▶ _Problem statement_
Below are the records; extract from them the line containing "A skeletal figure" to the line containing "Bird Framed Print", both lines included, exactly and with no pictures.

▶ _Extracted data_
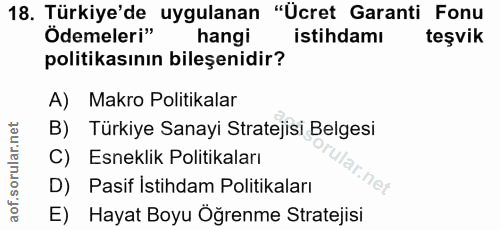 18. soru: Türkiye'de uygulanan "Ücret Garanti Fonu Odemeleri" hangi istihdamı teşvik politikasının bileşenidir? A) Makro Politi…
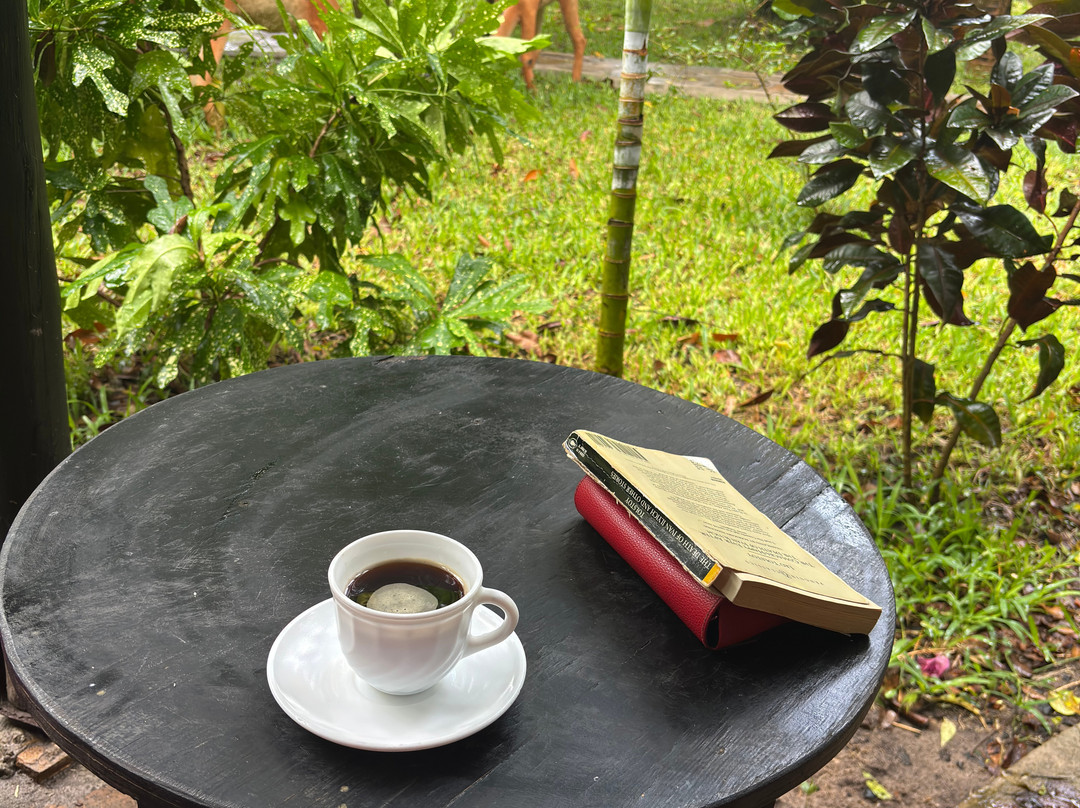 Kijiji Beach Resort主图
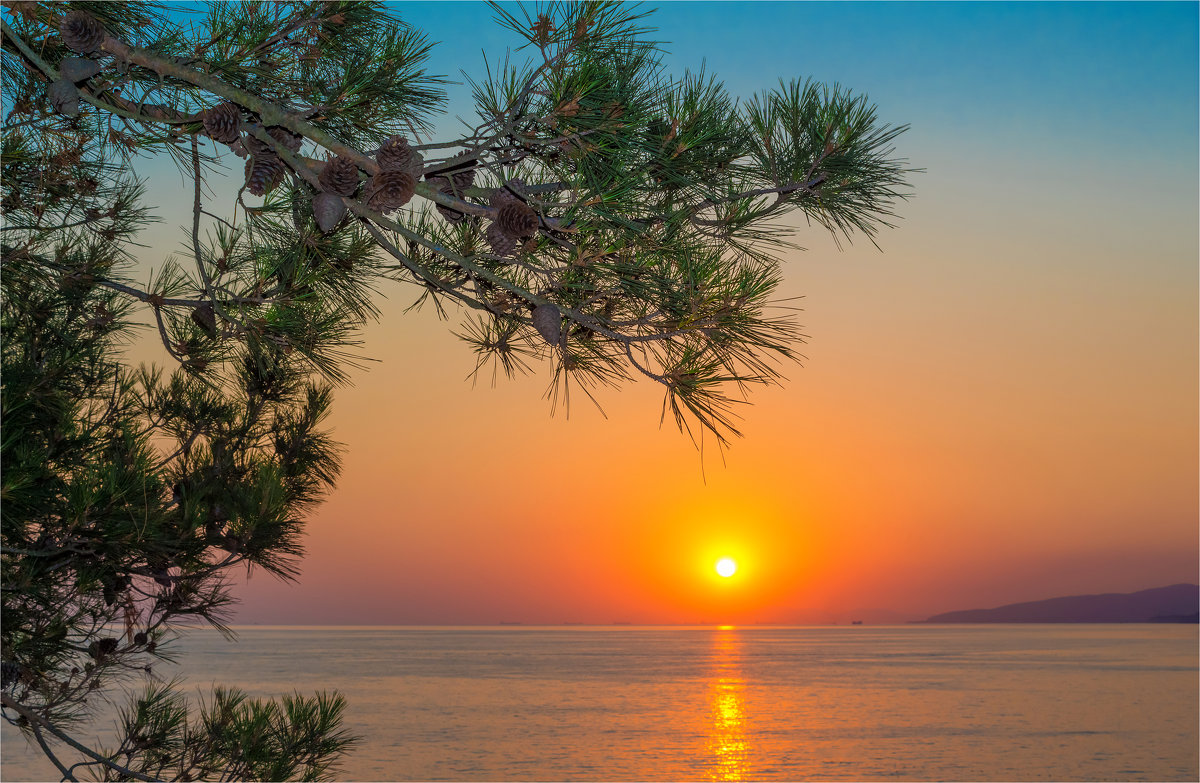 В свете уходящего дня. - Евгений Воропинов В свете уходящего дня. - Евгений Воропинов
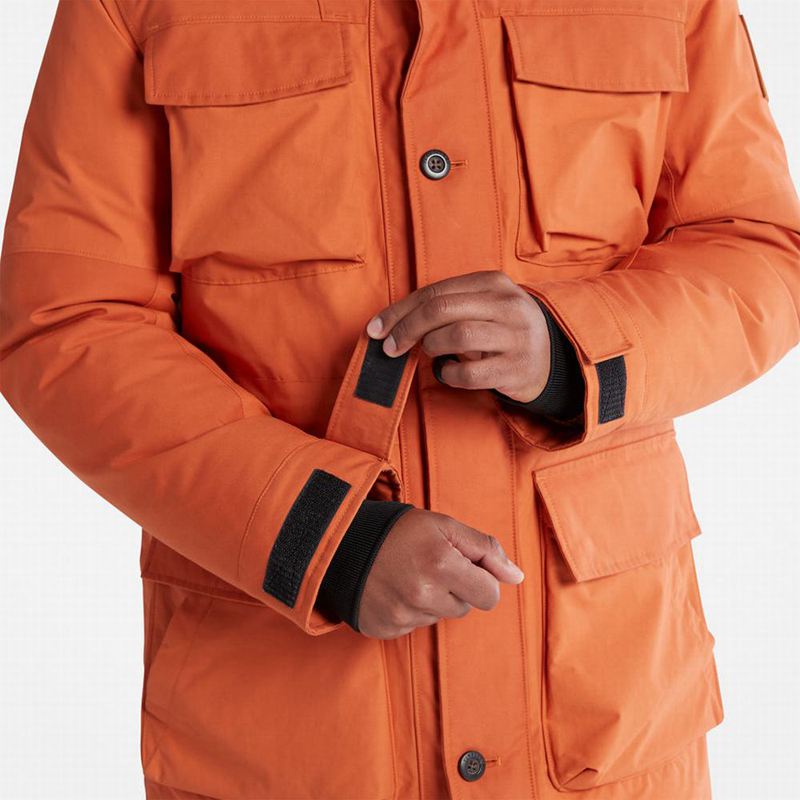 Timberland Wilmington Expedition Parka Narančaste | 7069658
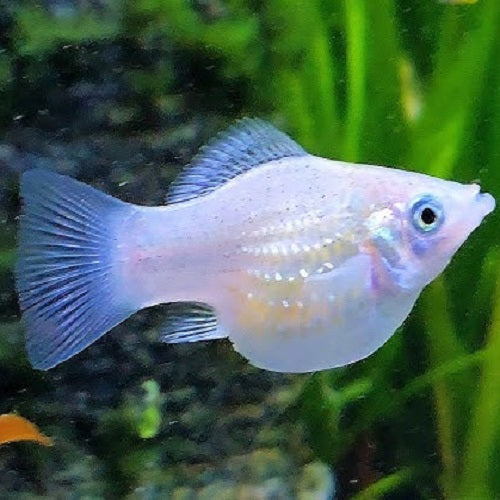 Platinum Blue Balloon Molly 3.5cm IMP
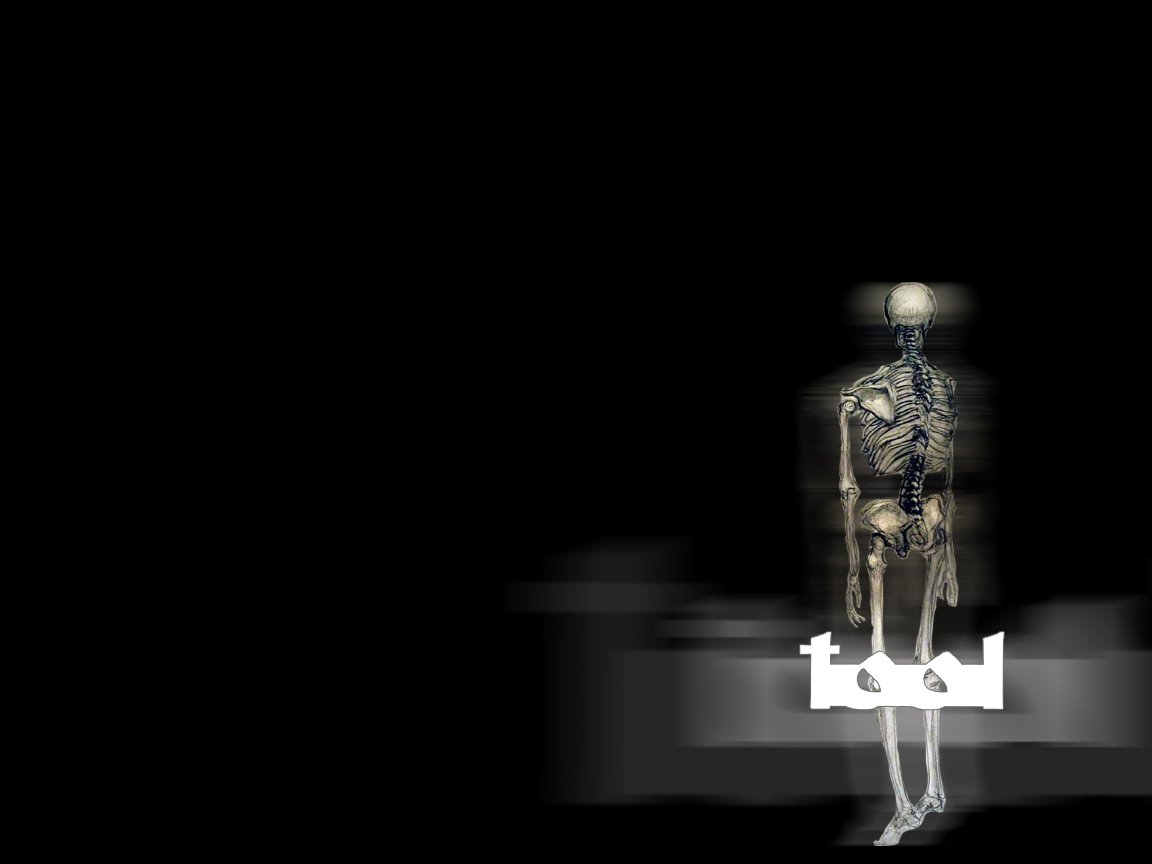A skeletal figure stands against a dark background, with the word Tool prominently displayed, reflecting the band's distinctive music style and artistic imagery.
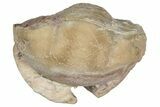 Bargain, Enrolled Illaenus Trilobite Fossil - Russia #363277-1
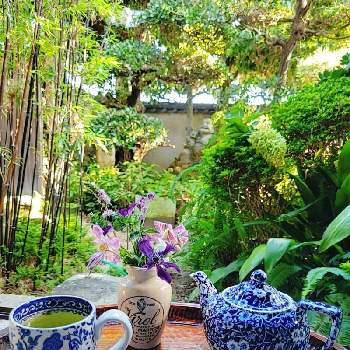 おうちカフェの画像 by ロザリーさん | 和室とピラミッドアジサイと黒竹と和風と日本の伝統と切り花を楽しむと クレマチスと和の庭とおうちカフェと花のある暮らしとグリーン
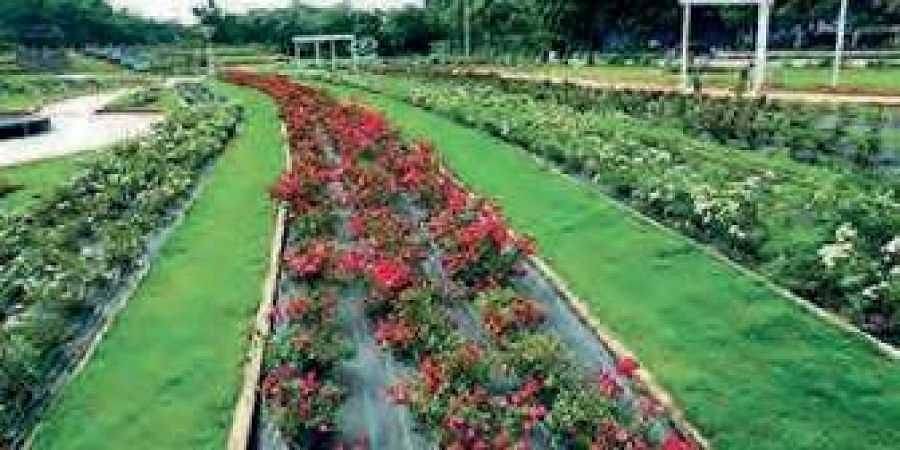 Botanical Gardenhyderabad Mallikarjun Flickr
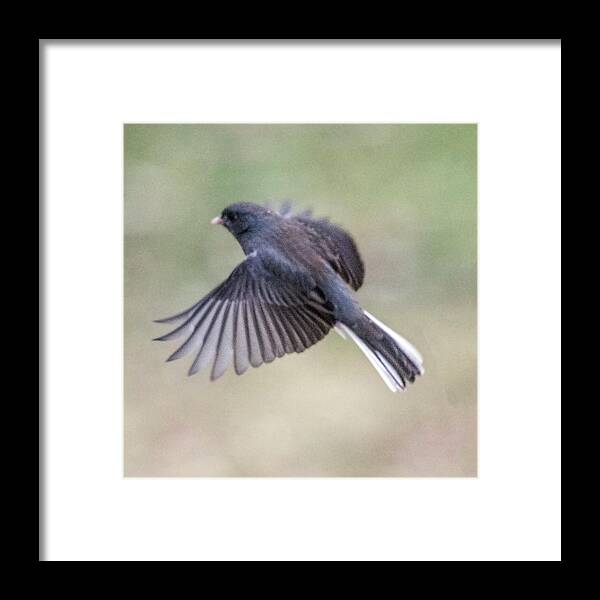 Bird Framed Print featuring the photograph Dark Eyed Junco Flying #2 by William Bitman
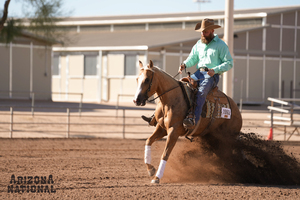 Arizona National Horse Show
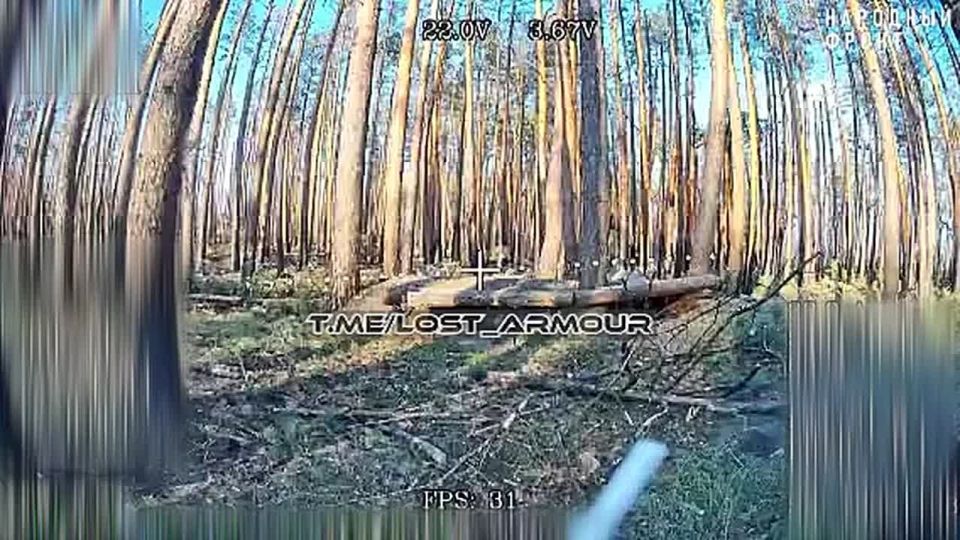 ����� ������ ������ ������ ����, �� ������ ��� �����������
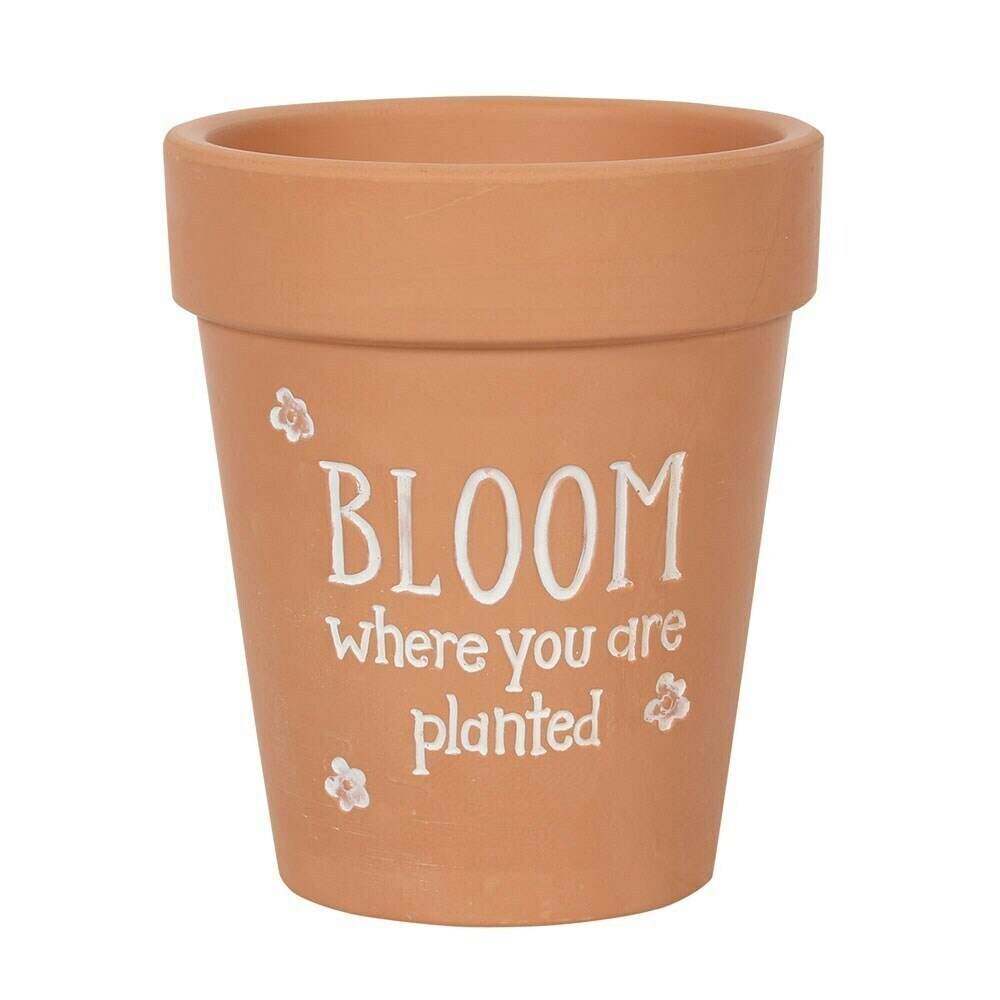 Something Different Bloom Where You Are Planted Terracotta Plant Pot - Brown/White - 17cm x 15cm x 15cm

▶ _Result for this task_
A skeletal figure stands against a dark background, with the word Tool prominently displayed, reflecting the band's distinctive music style and artistic imagery.
 Bargain, Enrolled Illaenus Trilobite Fossil - Russia #363277-1
 おうちカフェの画像 by ロザリーさん | 和室とピラミッドアジサイと黒竹と和風と日本の伝統と切り花を楽しむと クレマチスと和の庭とおうちカフェと花のある暮らしとグリーン
 Botanical Gardenhyderabad Mallikarjun Flickr
 Bird Framed Print featuring the photograph Dark Eyed Junco Flying #2 by William Bitman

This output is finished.